_Task prompt:_ Your response to the data below should hold nothing except the lines from the one containing "1900 North Serrano" down to the one containing "Hebe lampunjalka, Dark", reproduced exactly and without pictures.

_Task data:_
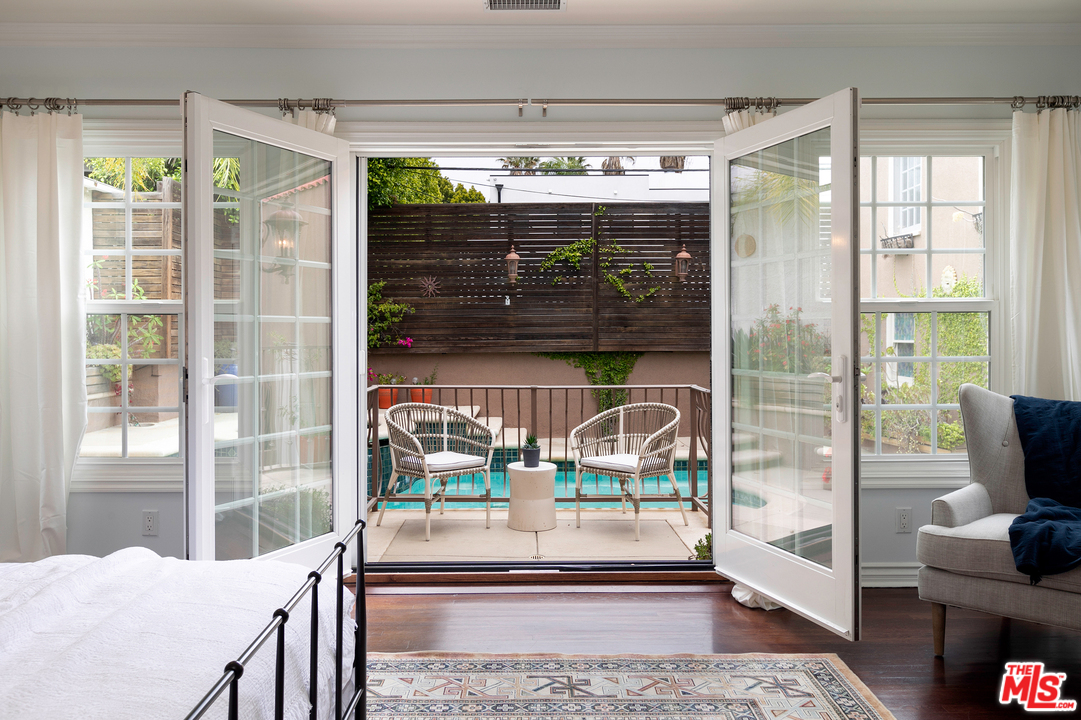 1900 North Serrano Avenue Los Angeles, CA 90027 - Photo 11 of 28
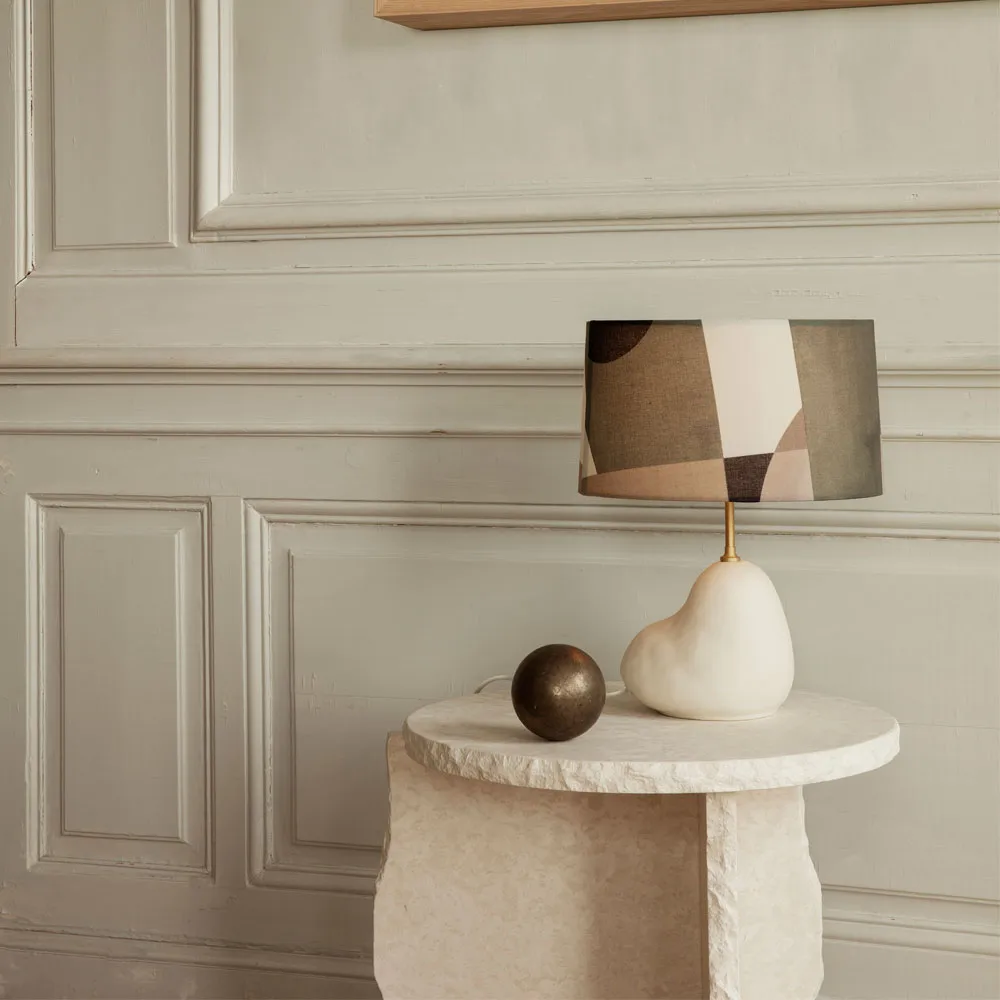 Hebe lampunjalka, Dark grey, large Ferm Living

...

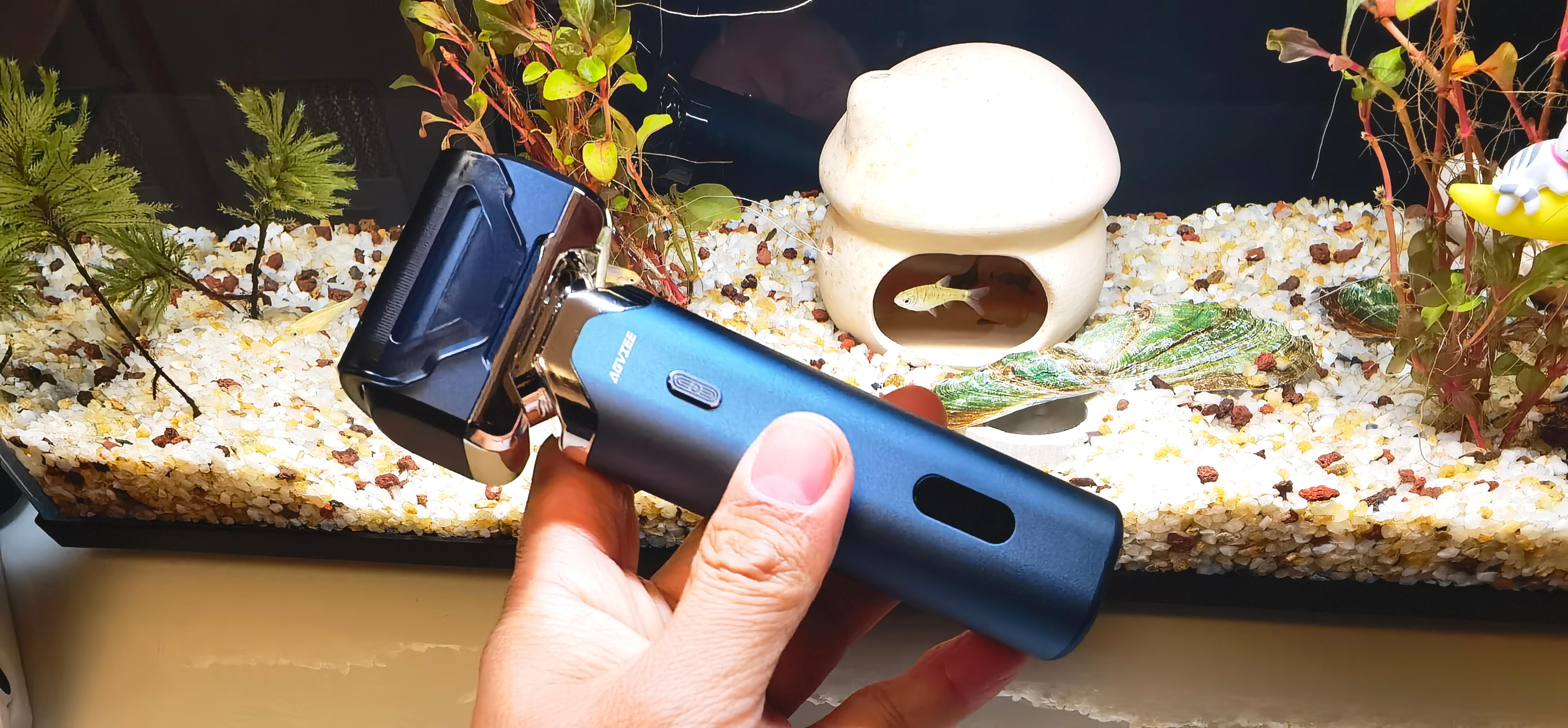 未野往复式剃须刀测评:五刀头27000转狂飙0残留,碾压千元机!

_Written answer:_
 1900 North Serrano Avenue Los Angeles, CA 90027 - Photo 11 of 28
 Hebe lampunjalka, Dark grey, large Ferm Living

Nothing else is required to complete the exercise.